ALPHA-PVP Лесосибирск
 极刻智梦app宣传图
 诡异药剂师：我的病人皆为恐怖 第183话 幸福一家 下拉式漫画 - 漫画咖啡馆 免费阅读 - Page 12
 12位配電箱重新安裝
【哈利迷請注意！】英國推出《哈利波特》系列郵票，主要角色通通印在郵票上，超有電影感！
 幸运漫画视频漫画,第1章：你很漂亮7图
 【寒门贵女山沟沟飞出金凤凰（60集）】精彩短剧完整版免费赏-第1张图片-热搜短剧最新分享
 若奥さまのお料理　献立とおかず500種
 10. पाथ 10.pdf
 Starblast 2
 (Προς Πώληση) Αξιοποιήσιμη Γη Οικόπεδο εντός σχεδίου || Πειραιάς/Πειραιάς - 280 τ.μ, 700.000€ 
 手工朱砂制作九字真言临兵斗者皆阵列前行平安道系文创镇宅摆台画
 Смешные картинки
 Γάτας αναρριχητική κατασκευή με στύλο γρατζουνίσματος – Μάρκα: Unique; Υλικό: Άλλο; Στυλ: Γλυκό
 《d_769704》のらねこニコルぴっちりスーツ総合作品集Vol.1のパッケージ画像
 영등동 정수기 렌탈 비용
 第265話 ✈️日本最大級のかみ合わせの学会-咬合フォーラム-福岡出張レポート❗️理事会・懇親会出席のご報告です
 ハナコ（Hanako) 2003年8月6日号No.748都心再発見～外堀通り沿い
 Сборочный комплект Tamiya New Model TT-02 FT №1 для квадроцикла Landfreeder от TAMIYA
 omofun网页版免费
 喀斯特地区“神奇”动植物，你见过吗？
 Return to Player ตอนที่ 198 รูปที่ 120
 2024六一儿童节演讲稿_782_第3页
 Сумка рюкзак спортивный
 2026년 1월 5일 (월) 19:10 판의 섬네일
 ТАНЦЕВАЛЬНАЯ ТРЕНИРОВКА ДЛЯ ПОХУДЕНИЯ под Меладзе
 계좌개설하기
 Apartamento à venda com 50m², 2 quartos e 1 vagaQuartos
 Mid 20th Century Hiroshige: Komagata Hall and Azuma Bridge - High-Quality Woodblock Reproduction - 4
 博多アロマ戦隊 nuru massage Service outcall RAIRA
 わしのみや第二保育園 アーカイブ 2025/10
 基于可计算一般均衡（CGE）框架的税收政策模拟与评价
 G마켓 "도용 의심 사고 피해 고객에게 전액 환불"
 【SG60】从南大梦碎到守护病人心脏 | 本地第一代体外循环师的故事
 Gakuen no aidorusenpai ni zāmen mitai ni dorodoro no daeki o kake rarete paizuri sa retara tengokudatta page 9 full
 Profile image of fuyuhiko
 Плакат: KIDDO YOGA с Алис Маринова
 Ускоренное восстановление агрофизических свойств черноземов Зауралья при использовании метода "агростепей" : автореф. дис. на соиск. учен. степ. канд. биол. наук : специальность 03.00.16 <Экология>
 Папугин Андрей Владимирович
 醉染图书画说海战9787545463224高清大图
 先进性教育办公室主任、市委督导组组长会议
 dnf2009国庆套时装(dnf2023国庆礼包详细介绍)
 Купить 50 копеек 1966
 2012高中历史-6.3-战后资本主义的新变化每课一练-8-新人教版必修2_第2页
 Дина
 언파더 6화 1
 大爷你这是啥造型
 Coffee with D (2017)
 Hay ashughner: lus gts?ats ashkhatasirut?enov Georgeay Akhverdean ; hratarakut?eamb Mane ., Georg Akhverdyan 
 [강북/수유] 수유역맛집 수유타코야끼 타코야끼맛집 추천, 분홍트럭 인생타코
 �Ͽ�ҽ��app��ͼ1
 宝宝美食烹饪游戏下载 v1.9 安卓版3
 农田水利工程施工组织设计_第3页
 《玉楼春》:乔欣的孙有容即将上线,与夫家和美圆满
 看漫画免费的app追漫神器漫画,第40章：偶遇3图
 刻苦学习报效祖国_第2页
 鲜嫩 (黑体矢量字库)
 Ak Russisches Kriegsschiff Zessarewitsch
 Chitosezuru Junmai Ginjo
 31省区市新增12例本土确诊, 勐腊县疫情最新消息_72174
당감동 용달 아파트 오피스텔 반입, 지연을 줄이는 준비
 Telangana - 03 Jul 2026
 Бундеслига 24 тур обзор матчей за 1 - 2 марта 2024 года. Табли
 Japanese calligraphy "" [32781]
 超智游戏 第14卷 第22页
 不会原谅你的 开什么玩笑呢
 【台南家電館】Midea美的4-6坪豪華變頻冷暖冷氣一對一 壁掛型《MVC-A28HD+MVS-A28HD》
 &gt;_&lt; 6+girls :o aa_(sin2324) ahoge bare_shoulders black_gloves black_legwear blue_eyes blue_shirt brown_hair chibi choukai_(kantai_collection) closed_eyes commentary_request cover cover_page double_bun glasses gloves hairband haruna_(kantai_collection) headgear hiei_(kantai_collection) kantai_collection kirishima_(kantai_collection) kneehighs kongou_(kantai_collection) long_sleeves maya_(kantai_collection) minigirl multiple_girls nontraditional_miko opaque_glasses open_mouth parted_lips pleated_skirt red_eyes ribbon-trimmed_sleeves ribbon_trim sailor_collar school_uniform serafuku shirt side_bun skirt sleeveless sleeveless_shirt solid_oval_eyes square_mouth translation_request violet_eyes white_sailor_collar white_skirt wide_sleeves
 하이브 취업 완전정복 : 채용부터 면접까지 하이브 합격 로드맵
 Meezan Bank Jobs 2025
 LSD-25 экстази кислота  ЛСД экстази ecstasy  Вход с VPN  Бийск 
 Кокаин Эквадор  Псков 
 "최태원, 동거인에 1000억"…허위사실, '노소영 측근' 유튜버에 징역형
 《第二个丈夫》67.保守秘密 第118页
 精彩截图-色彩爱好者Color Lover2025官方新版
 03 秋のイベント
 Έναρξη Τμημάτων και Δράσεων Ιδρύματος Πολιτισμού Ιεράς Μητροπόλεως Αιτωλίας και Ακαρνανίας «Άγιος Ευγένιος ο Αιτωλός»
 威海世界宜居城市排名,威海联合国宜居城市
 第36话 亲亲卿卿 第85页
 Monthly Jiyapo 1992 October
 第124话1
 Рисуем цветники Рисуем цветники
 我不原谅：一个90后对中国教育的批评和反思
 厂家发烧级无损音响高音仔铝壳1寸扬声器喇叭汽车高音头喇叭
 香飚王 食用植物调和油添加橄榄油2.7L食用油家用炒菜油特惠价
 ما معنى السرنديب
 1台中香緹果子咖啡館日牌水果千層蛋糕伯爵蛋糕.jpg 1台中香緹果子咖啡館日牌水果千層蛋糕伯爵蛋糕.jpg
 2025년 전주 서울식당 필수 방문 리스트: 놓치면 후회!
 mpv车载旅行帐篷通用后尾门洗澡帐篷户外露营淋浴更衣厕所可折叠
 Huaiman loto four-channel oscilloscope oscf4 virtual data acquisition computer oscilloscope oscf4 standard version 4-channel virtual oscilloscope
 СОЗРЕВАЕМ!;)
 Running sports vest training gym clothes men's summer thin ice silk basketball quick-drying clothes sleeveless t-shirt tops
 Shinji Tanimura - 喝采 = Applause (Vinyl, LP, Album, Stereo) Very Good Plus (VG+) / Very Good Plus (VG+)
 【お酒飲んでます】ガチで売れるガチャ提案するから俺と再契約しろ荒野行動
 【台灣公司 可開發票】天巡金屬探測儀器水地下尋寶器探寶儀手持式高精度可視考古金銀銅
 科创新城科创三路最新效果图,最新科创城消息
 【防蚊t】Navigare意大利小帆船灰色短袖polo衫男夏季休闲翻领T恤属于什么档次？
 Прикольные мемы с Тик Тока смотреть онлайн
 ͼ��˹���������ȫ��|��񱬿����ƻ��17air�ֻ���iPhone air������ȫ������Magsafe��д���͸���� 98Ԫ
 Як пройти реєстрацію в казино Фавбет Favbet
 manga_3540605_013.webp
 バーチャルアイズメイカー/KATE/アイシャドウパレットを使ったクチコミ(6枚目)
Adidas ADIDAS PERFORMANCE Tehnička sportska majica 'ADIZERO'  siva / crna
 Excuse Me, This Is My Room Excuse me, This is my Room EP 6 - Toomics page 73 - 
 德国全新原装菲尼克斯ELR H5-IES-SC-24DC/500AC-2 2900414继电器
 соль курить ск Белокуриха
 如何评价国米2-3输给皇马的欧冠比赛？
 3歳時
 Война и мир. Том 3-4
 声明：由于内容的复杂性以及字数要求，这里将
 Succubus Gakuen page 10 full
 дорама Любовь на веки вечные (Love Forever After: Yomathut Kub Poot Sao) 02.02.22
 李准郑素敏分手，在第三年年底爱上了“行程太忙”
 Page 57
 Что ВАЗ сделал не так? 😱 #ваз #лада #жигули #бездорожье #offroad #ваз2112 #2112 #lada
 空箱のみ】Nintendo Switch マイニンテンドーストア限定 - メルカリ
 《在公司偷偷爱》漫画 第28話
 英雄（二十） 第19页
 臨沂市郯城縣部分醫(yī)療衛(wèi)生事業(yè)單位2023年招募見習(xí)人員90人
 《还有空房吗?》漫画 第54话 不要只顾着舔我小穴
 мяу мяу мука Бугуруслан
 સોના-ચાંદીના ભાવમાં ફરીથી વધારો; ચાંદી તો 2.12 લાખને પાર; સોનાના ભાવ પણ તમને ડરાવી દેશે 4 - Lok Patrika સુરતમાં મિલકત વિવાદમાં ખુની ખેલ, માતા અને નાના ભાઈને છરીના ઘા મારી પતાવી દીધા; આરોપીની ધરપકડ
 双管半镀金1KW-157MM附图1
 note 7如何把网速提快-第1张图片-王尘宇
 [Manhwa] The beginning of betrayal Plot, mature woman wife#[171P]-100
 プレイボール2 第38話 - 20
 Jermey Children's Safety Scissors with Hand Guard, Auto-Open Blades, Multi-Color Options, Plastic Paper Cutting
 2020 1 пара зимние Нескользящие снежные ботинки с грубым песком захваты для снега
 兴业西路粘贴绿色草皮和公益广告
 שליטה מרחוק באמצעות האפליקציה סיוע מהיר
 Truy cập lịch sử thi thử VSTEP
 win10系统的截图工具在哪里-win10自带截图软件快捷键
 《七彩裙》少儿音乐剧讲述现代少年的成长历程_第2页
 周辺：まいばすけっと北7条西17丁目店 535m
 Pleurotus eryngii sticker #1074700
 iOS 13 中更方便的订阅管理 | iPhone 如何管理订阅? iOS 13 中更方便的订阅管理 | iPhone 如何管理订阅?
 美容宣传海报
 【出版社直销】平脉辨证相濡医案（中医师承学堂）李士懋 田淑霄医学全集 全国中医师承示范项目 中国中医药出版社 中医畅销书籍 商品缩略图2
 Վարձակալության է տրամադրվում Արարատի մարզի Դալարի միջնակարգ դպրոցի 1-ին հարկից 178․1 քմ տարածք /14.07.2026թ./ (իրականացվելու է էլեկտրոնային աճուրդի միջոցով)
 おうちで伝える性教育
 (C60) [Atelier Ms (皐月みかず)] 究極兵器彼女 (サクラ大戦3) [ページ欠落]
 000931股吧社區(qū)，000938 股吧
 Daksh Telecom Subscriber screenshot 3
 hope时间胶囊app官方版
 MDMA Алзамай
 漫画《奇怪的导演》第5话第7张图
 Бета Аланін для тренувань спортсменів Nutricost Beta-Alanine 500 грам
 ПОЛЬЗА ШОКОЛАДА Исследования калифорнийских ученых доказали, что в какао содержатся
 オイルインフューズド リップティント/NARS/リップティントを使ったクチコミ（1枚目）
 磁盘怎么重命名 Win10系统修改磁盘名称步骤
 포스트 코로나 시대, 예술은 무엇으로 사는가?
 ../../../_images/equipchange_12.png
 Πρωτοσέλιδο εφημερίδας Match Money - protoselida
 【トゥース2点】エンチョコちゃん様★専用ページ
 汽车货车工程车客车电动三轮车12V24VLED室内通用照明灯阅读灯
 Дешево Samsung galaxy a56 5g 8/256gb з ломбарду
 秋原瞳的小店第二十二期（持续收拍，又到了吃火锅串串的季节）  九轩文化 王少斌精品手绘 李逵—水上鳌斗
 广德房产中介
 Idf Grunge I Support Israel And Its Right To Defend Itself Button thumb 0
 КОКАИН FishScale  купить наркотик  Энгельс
————
Please, from the entries above, set down exactly the lines from the one containing "Купить 50 копеек 1966" through the one containing "Hay ashughner: lus", and only those.

- SOLUTION TO THIS TASK
 Купить 50 копеек 1966
 2012高中历史-6.3-战后资本主义的新变化每课一练-8-新人教版必修2_第2页
 Дина
 언파더 6화 1
 大爷你这是啥造型
 Coffee with D (2017)
 Hay ashughner: lus gts?ats ashkhatasirut?enov Georgeay Akhverdean ; hratarakut?eamb Mane ., Georg Akhverdyan 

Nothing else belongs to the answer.